Palestinian musicians of Al-Takht al-Sharqi (The Arab Orchestra) band take part in a rehearsal on February 9, 2015 at the Edward Said National Conservatory of Music in Gaza city.

AFP
Gaza

After wowing the judges of Arabs Got Talent’, five young Palestinians who formed a band while bombs rained down are hoping their budding success can raise awareness for war-ravaged Gaza.
Their first audition so impressed that they were propelled to the semi-finals of the hit Middle Eastern television show — a spin-off of the British-created Got Talent franchise.
The sob stories of hopefuls in the Western talent contest pale in comparison to the trials and tribulations of contestants in the Arab version.
The young musicians in Al-Takht al-Sharqi (The Arab Orchestra), who wear the traditional Palestinian keffiyeh around their necks, had to rehearse during lulls in the fighting in Gaza last year.
“I would play the darbuka (goblet drum) to try and drown out the sound of the bombardment, but the strikes were always louder,” said Ramzi al-Far, 14.
“Staying alive was the priority, so our band practice suffered a bit,” added 16-year-old Siraj al-Sarsawi who plays the Arabian lute.
“We were too scared to do anything else most of the time.”
The 50-day war between Israel and Palestinian militants in July and August killed nearly 2,200 Gazans, most of them civilians, as well as 73 on the Israeli side, mostly soldiers.
Almost a quarter of the dead were children, UN figures show.
The band members have lost neighbours and relatives to the conflict.
Following their initial audition in September, the five-member group, which plays traditional Arab music, will soon return to Beirut, where the hit-MBC show is hosted.
During the war, the band members tried to leave Gaza via the Rafah crossing with Egypt, but were repeatedly turned away, only managing to cross several weeks after the fighting ended on August 26.
When they finally reached Beirut in September, the judges liked their lyrical music so much that they were sent straight through to the penultimate round.
“May you return, you who are lost in God’s land,” the band’s singer Ahmed al-Madhun incanted in a heartfelt rendition of an old Levantine song.
It is not the first time Gaza has enjoyed reality television success — Mohamed Assaf won the Arab Idol singing contest in 2013 and went on to become a goodwill ambassador for the UN agency for Palestinian refugees.
For 13-year-old Mahmud Kahil, the youngest member of the group who plays the qanun, a stringed instrument similar to a zither, the emotional build up during the war was just too much.
For the last minute of their audition, which was watched by millions of viewers, he played with tears streaming down his face.
“Playing music was a way to break the boredom and terror of war.
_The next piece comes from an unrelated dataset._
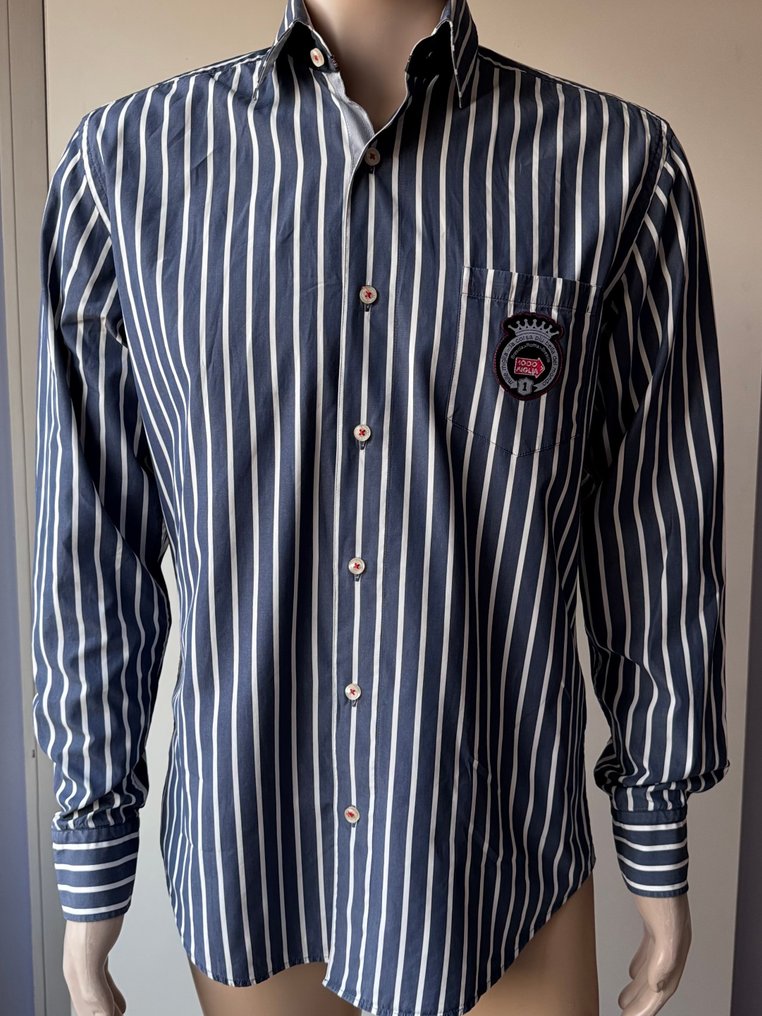 MilleMiglia State Of Art - Πουκάμισο #2.1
But every time I heard an explosion, I would leave it and run for cover,” he said months later in his home in Gaza City.
The five youngsters met at Gaza’s only music school, the Edward Said National Conservatory of Music, and decided just last year to form a group.
For most of them, travelling to Beirut in September was first time they had left the tiny coastal territory, which has been under an Israeli blockade since 2006.
Seeing the outside world was a shock for the band’s 14-year-old singer al-Madhun.
“There wasn’t a warplane in the sky, and no destruction,” he said of Egypt.
“I realised that there are people in the world who live in security, who aren’t scared all the time like us.”
Last year’s war — the third in Gaza in less than six years — left some 100,000 people homeless, and damaged or destroyed tens of thousands of houses and many schools.
Rima Ashur, 15, who plays the nay, a wooden flute, and is the only girl in the group, said their success was important to help shine the spotlight on young Gazans, as the humanitarian situation in the enclave worsens.
“We’ve shown the world that we, the children of Gaza, love life. We play music for peace, not war,” she said.
“The only thing we ask is to live like normal children, without the blockade and without fear.”